Osterholm, Michael “Preparing for the Next Pandemic, Foreign Affairs July/August 2005

At the time of the article, the SARS epidemic of 2003 was fresh. This was another virus originating in China from unhealthy conditions in animal markets. Osterholm’s observations of the negative psychological effects, the downturn in global travel and the economy, slow-acting governments, etc. are playing out 15 years later from Covid-19. His calls for preparing for the next pandemic went unheeded. Governments need to be prepared with stockpiles of PPE, research/development and production of vaccines and anti-viral drugs, etc.

Even if an H5N1 pandemic is a year away, the world must plan for the same problems with the same fervor. Major campaigns must be initiated to prepare the nonmedical and medical sectors. Pandemic planning must be on the agenda of every school board, manufacturing plant, investment firm, mortuary, state legislature, and food distributor in the United States and beyond. There is an urgent need to reassess the vulnerability of the global economy to ensure that surges in demand can be met. Critical health-care and consumer products and commodities must be stockpiled. Health professionals must learn how to better communicate risk and must be able to both provide the facts and acknowledge the unknowns to a frightened or panicked population.

Osterholm, Michael “Preparing for the Next Pandemic, Foreign Affairs July/August 2005

I think the long-term impact of this pandemic on education will be the use of online delivery of content as standard practice. The idea of engaging modules of precise learning objectives that students can access at anytime from anywhere will be present in all schools. It makes sense. Why design an engaging lecture or lesson plan, use it once for a class of 20 students and then it is gone forever. Teachers will be able to revise and improve their content over time. The flipped classroom will become the norm and class time can be devoted to discussion, assessment, sharing ideas, relationship-building, etc. It might be an exciting time in education.
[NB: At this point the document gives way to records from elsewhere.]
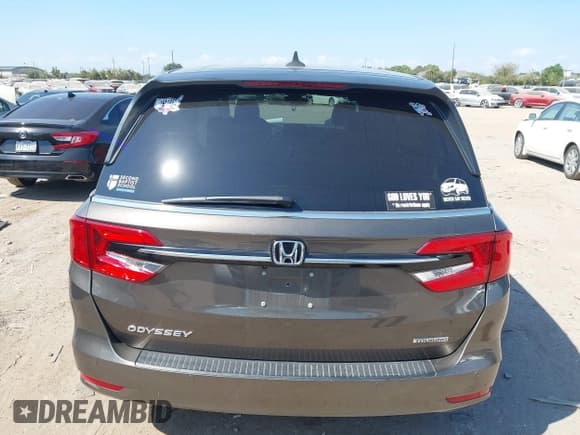 ✅ 2023 Honda Odyssey Touring • VIN: 5FNRL6H85PB034832 • Lot: 43372970. Listed on IAAI with 43,980 mi. Free auction sales archive from the USA and detailed vehicle history report at DreamBid. Image 15.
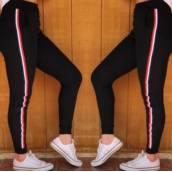 Calça de Bengaline com Listras Laterais (Semelhante a da foto, Disponível no Tamanho: 48)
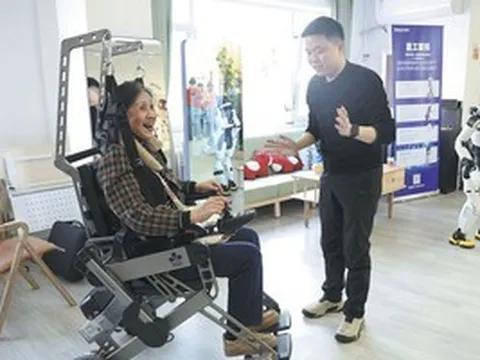 Tham vọng chăm sóc người cao tuổi bằng robot tại Trung Quốc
I also see what Scott Galloway is predicting, that big tech companies will be coming into education to really shake it up. I don’t think you can ever replace the human interaction and supervision that schools provide, but regarding content delivery, this will certainly change.

If I had the time and energy, I would love to lead the school in designing a couple of flagship online courses that could be taken by anyone. They would be focused on local resources that are unique to Tashkent. Perhaps an Islamic Art and Architecture course, or a Soviet history or the ecology of Aral Sea and Tian Shan Mountains. Other schools could join to create a network of online courses that would enrich school’s curriculum offering and make a more global, interconnected international school world.

During the pandemic, both AAIE and CEESA (Central and Eastern European Schools Association) have had weekly webinars, connecting leaders from schools all over the world. It has been some of the most rich professional development I received in my career in international education. This might be the opportunity to continue this and build upon it, having more collaboration between schools for faculty, administration and students.